No adverse events were observed during the implant healing stage. All implants appeared to be stable and osseointegrated (Figures 2a through 3f). They were surrounded by radiopaque granules without noticeable bone loss upon radiographic evaluation (Figure 3a through c). Light microscopic evaluation revealed tight contacts between the implant threads with the surrounding bone for all 4 groups, indicating successful osseointegration (Figures 2b and 3d through f).
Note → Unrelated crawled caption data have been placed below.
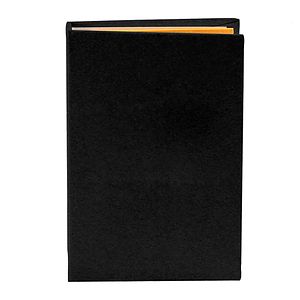 Compact Sticky Notes and Flags Notepad Notebook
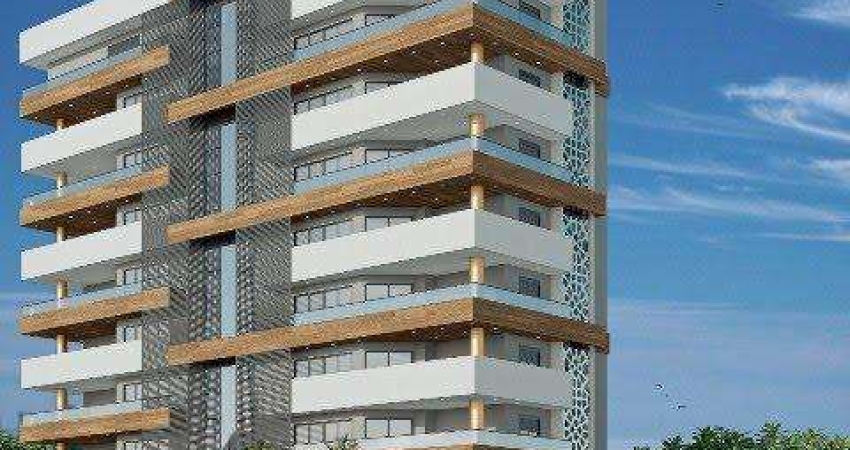 Apartamento para Venda em Guaratuba, Centro, 3 dormitórios, 3 suítes, 1 banheiro, 2 vagas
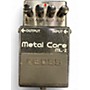 Used BOSS ML2 Metal Core Distortion Effect Pedal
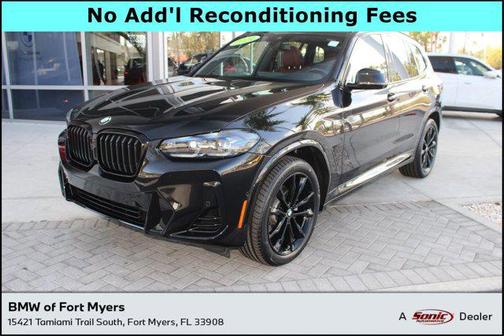 2024 BMW X3 sDrive30i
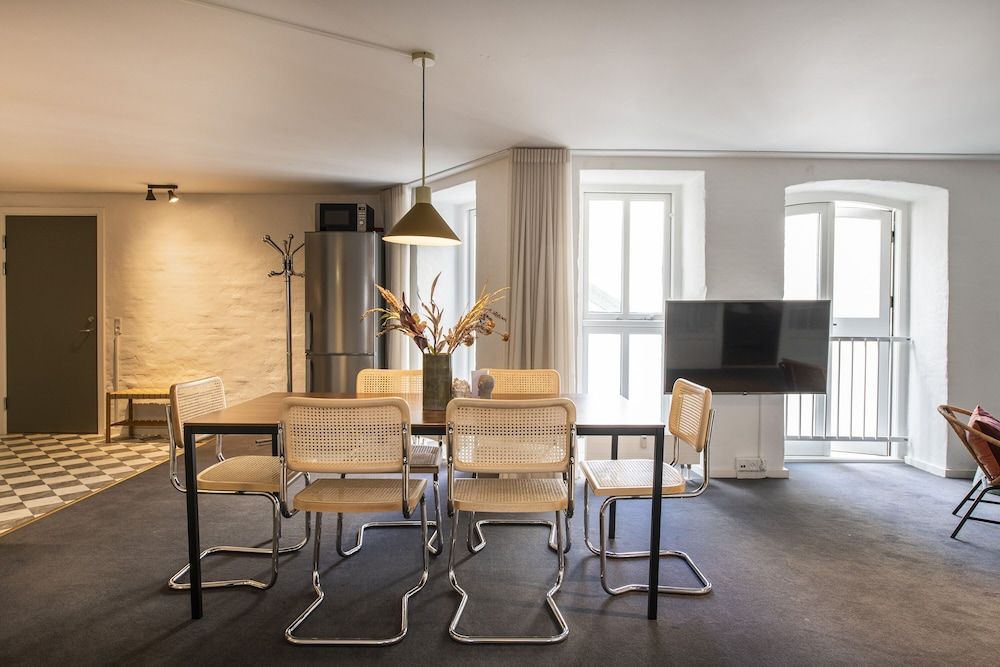 The Churchill apartments by Daniel&Jacob’s Design Apartment, 2 Bedrooms, Kitchen, Courtyard View (Amaliegade 43, Ground Floor) 30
Histologically, all implants demonstrated osseointegration. Light microscopy revealed excellent BIC in all groups. The mean BIC was 64.7% (group A), 73.7% (group B), 68.2% (group C), and 83.1% (group D) with some residual graft particles present away from the implant surface (Figure 4). No statistically significant difference was noted among groups A through D in terms of BIC (P = .173, Kruskal-Wallis test). New bone was found in contact with the implant surfaces with less BIC in the marrow space of the mandible. The newly formed bone was dense with normal bone marrow spaces and blood vessels.
Previous studies have shown that BCP bone substitute material can be successfully utilized to reconstruct large alveolar bone defects.9,11 This study provided clinical and histologic evidence that regenerated bone can lead to dental implant osseointegration with survival of all implants.
BCP has been widely used as an augmentation material in sinus lift studies.2,3,5,6,12 Cha et al12 reported 95.56% cumulative survival rate in 45 implants, with the 80/20 HA/β-TCP (BCP) material. Lee et al3 used 50/50 HA/β-TCP (BCP) as bone substitute in the sinus lift and observed a 98.46% cumulative success rate after a mean period of 12 months. Tosta et al13 showed 100% implant survival rate in 15 patients using BCP. Taken together, our result demonstrated BCP is suitable and excellent material for large alveolar defect regeneration and excellent bone-to-implant contact resulting in osseointegration.
It has been shown that the ratios between HA and β-TCP significantly affect the resorption rate of BCP in vivo. The degradation rate of β-TCP is about 3–12 times faster than HA. Therefore, a higher HA ratio will result in a longer degradation time and more residual graft particles.14 A ratio about 20/80 HA/β-TCP stimulated earlier and more new bone formation.14,15 Our observation indicates more new bone formation with reduced residual matrices in group B, which is consistent with the above investigation.11
Although more new bone formation is related to a higher β-TCP ratio in BCP material, it was not clear how it will translate into improved BIC. All 3 experimental groups (groups A through C) demonstrated a high BIC (more than 60%), but without a statistical difference among different HA/β-TCP formulations. Albrektsson16 suggested a minimum of 50% BIC to ensure successful long-term loading of osseointegrated implants. All 3 groups demonstrated higher results and therefore meet the criterion.
This preclinical trial provides clinical and histologic evidence to support 3 formulations of HA/β-TCP to be efficacious bone substitutes for regenerating large alveolar ridge defects to receive osseointegrated dental implants.
This study was sponsored by a grant from Dentium and Genoss.